Those predictions were actually very different, as Neil Postman persuasively argues in his 1985 book, Amusing Ourselves to Death:

“But we had forgotten that alongside Orwell's dark vision, there was another - slightly older, slightly less well known, equally chilling: Aldous Huxley's Brave New World. Contrary to common belief even among the educated, Huxley and Orwell did not prophesy the same thing. Orwell warns that we will be overcome by an externally imposed oppression. But in Huxley's vision, no Big Brother is required to deprive people of their autonomy, maturity and history. As he saw it, people will come to love their oppression, to adore the technologies that undo their capacities to think.

“What Orwell feared were those who would ban books. What Huxley feared was that there would be no reason to ban a book, for there would be no one who wanted to read one. Orwell feared those who would deprive us of information. Huxley feared those who would give us so much that we would be reduced to passivity and egoism. Orwell feared that the truth would be concealed from us. Huxley feared the truth would be drowned in a sea of irrelevance. Orwell feared we would become a captive culture. Huxley feared we would become a trivial culture, preoccupied with some equivalent of the feelies, the orgy porgy, and the centrifugal bumblepuppy.

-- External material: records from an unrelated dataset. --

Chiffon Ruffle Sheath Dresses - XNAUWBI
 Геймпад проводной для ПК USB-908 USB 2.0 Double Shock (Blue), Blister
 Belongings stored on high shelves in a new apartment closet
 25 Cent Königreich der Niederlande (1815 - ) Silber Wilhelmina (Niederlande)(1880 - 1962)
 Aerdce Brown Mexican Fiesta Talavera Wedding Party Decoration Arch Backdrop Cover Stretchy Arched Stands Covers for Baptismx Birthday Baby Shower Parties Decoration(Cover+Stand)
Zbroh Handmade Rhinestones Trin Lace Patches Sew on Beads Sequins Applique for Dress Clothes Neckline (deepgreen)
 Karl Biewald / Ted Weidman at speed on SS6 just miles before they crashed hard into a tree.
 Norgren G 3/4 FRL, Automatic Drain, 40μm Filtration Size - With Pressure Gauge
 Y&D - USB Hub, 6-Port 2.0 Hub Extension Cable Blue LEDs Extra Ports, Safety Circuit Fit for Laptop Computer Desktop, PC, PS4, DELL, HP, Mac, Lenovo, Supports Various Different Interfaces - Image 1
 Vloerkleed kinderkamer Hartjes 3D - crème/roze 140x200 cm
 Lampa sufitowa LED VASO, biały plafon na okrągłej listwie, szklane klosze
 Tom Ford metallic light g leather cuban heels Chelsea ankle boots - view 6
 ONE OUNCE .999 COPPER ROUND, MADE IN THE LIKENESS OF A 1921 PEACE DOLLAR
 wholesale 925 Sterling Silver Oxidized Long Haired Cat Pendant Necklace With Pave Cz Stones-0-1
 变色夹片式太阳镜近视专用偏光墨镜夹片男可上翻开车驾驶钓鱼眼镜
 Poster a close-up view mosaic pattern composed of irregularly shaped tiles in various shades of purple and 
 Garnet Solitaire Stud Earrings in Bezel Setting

As Huxley remarked in Brave New World Revisited, the civil libertarians and rationalists who are ever on the alert to oppose tyranny "failed to take into account man's almost infinite appetite for distractions". In 1984, Huxley added, people are controlled by inflicting pain. In Brave New World, they are controlled by inflicting pleasure. In short, Orwell feared that what we hate will ruin us. Huxley feared that what we love will ruin us.

“This book is about the possibility that Huxley, not Orwell, was right.”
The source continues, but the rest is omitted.